Captioned web image data:

--- START ---

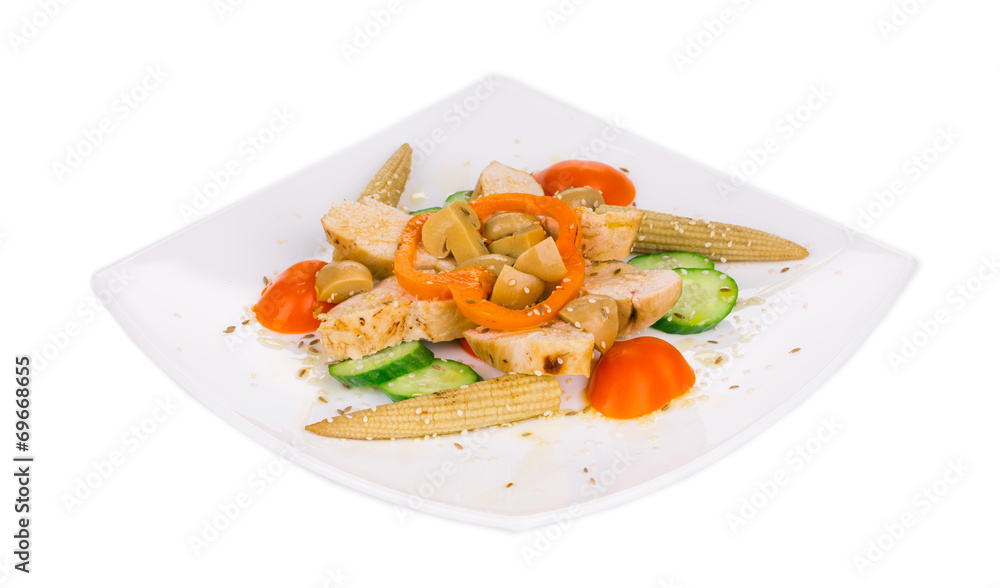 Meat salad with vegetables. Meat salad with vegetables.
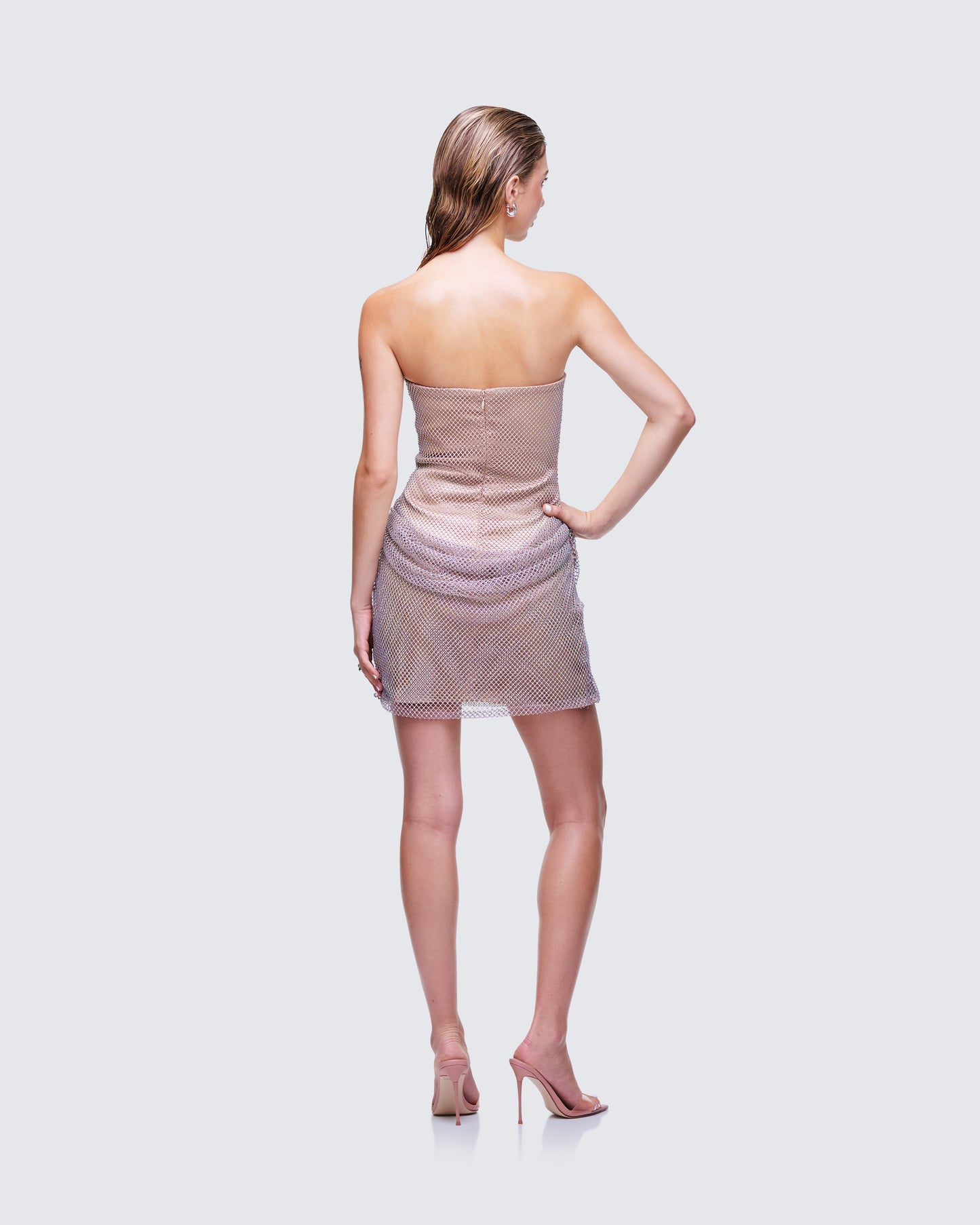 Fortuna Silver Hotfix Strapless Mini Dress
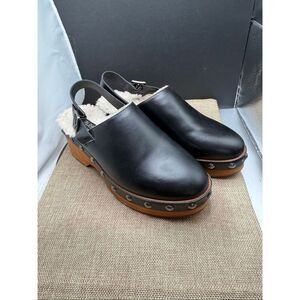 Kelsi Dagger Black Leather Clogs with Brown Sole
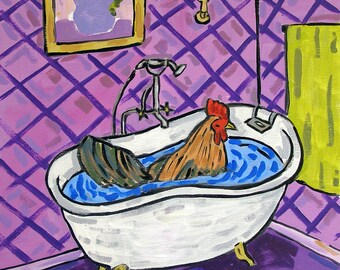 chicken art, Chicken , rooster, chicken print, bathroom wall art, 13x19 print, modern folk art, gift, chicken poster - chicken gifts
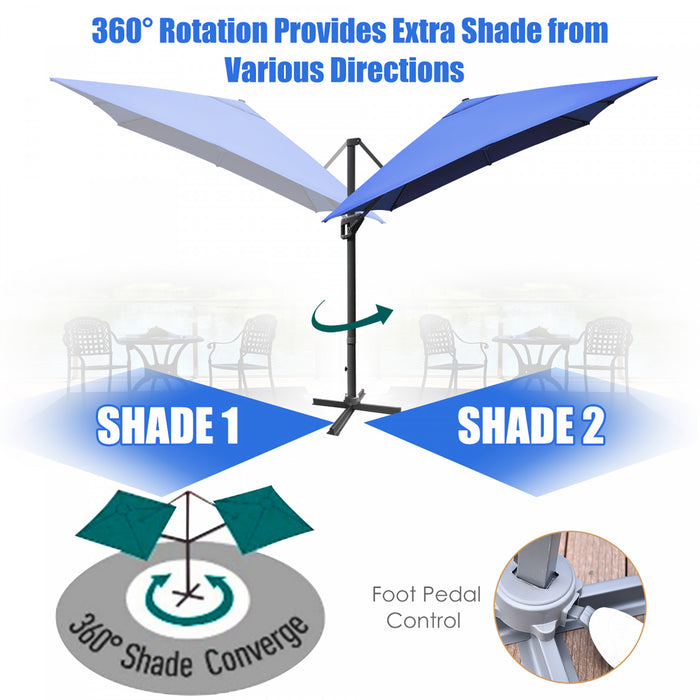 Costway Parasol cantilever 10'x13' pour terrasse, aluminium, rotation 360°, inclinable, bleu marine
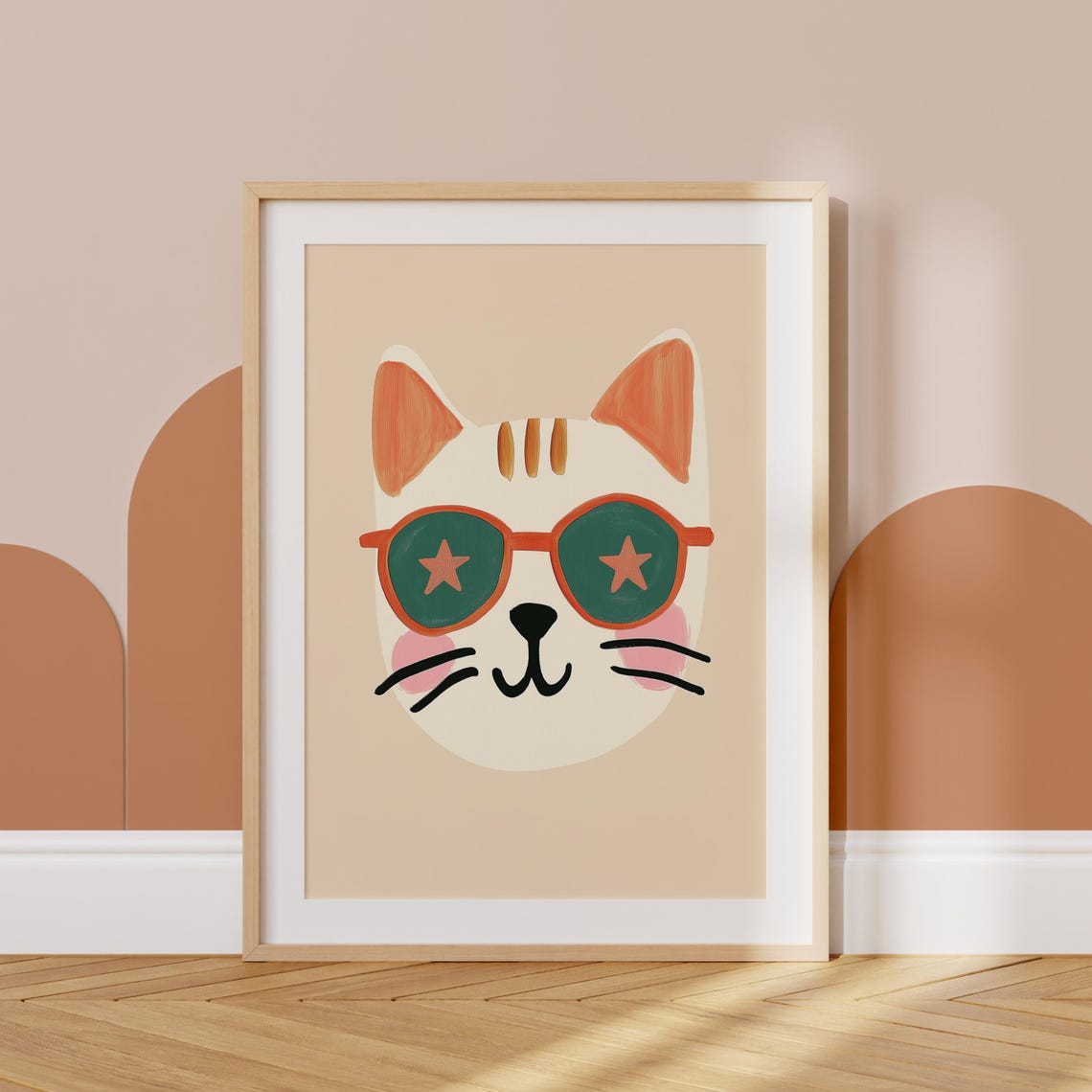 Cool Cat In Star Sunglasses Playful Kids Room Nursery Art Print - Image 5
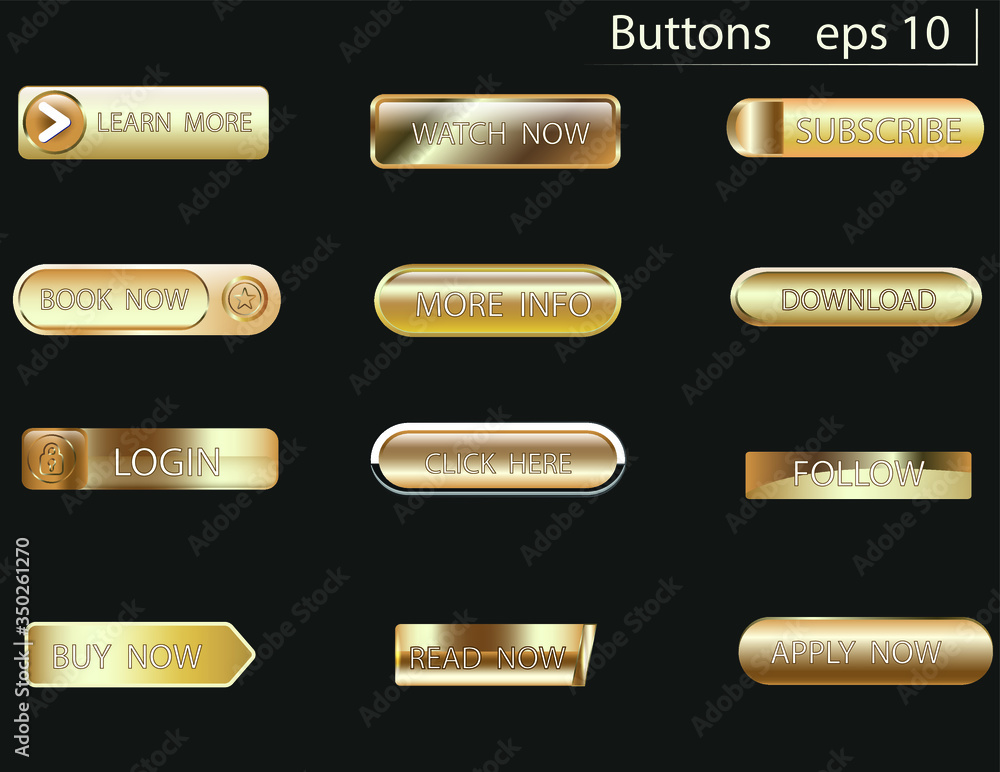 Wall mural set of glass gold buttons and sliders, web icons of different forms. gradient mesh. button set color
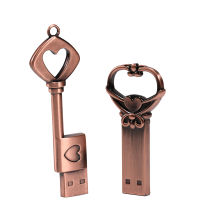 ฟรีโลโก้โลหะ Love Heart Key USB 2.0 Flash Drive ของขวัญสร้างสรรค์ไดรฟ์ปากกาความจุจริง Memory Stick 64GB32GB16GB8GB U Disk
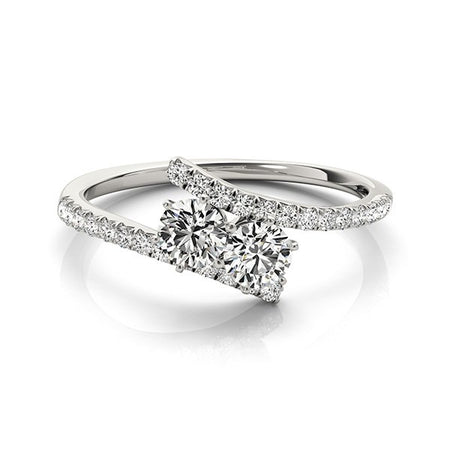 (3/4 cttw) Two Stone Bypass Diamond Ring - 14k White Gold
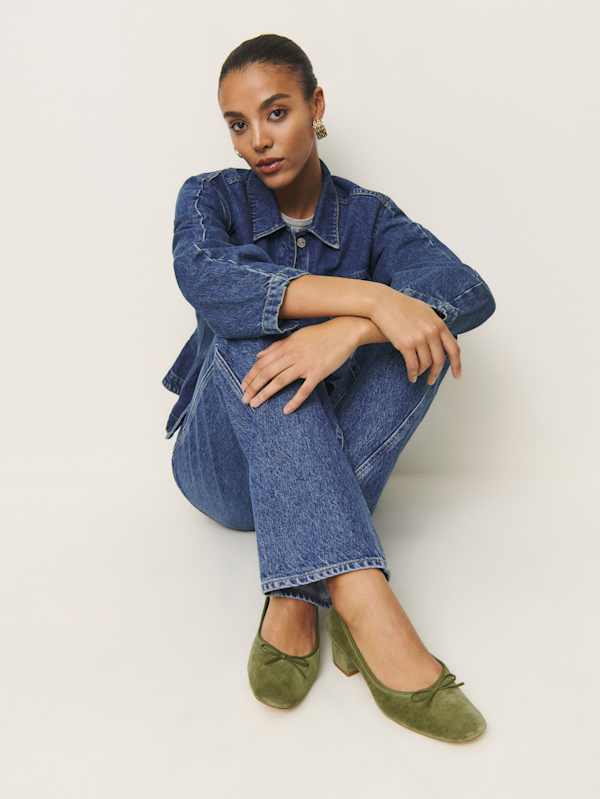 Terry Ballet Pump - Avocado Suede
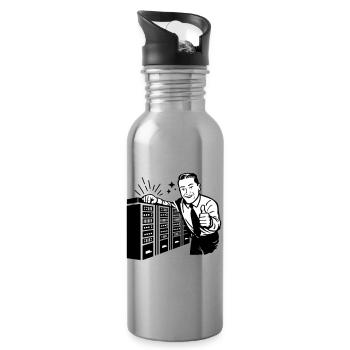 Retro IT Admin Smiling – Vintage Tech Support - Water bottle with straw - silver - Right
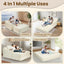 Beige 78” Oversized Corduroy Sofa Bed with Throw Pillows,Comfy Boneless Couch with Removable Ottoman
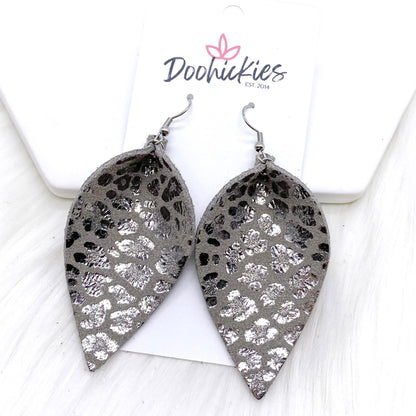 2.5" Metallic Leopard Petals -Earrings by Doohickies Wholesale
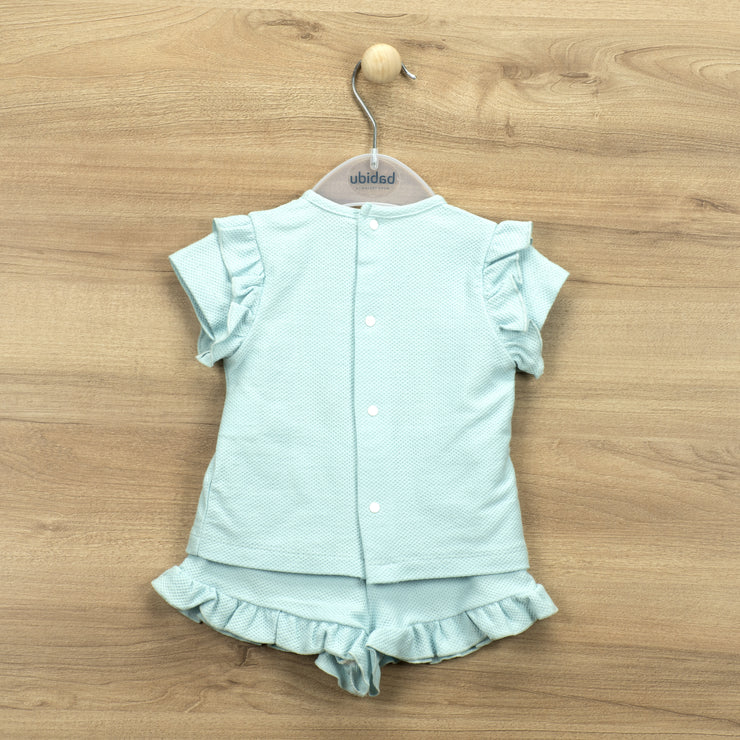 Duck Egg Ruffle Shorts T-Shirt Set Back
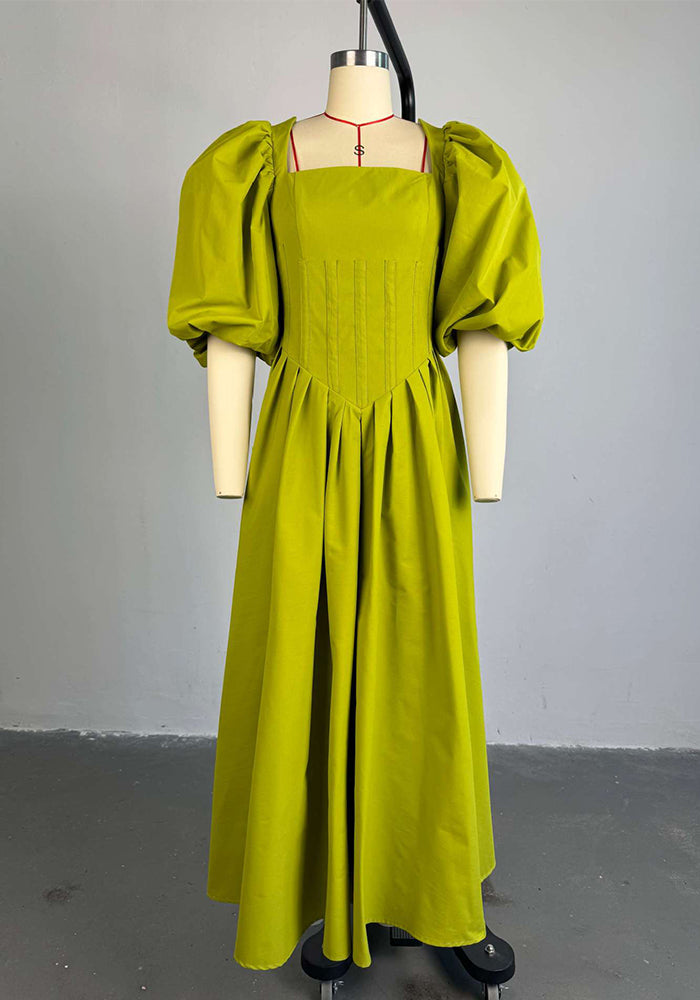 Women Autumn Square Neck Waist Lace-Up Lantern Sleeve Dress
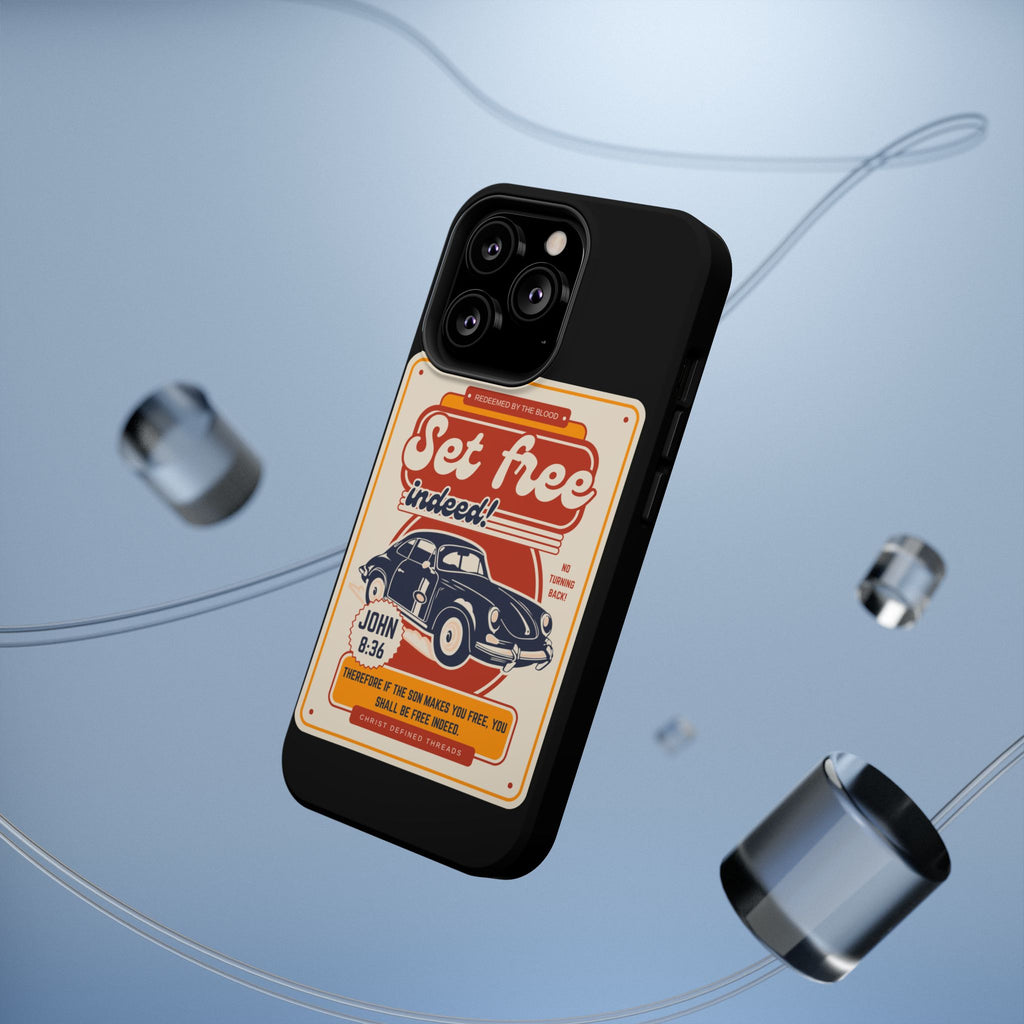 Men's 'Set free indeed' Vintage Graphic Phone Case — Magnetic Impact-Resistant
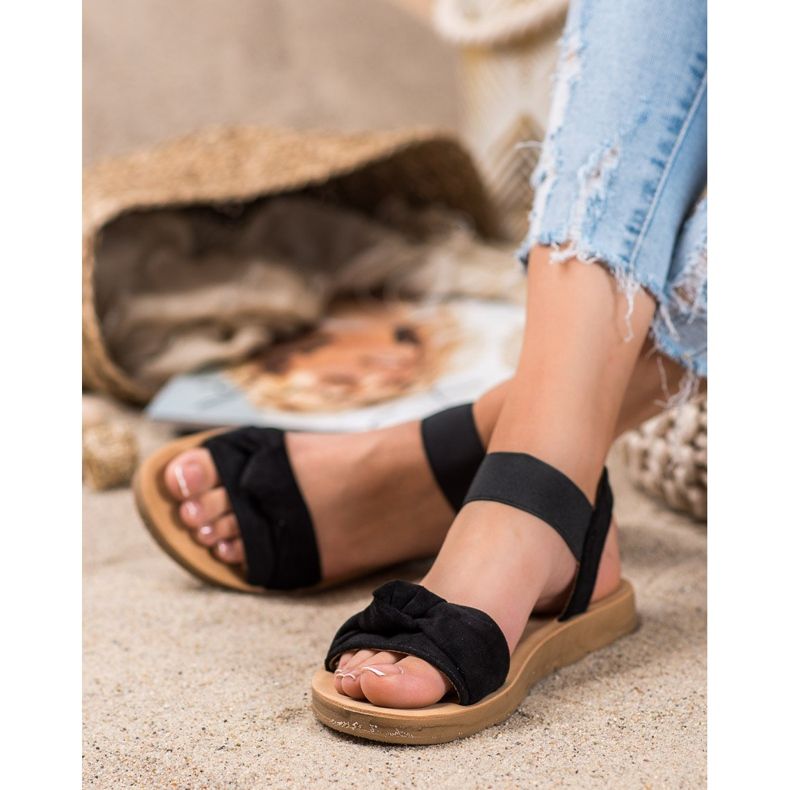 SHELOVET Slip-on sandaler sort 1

--- END ---

WHAT IS NEEDED » Nothing but the lines from the one containing "ฟรีโลโก้โลหะ Love Heart" through the end of the entries is to be retyped, exactly as written and without pictures.

RESULT FOR THIS TASK »
 ฟรีโลโก้โลหะ Love Heart Key USB 2.0 Flash Drive ของขวัญสร้างสรรค์ไดรฟ์ปากกาความจุจริง Memory Stick 64GB32GB16GB8GB U Disk
 (3/4 cttw) Two Stone Bypass Diamond Ring - 14k White Gold
 Terry Ballet Pump - Avocado Suede
 Retro IT Admin Smiling – Vintage Tech Support - Water bottle with straw - silver - Right
 Beige 78” Oversized Corduroy Sofa Bed with Throw Pillows,Comfy Boneless Couch with Removable Ottoman
 2.5" Metallic Leopard Petals -Earrings by Doohickies Wholesale
 Duck Egg Ruffle Shorts T-Shirt Set Back
 Women Autumn Square Neck Waist Lace-Up Lantern Sleeve Dress
 Men's 'Set free indeed' Vintage Graphic Phone Case — Magnetic Impact-Resistant
 SHELOVET Slip-on sandaler sort 1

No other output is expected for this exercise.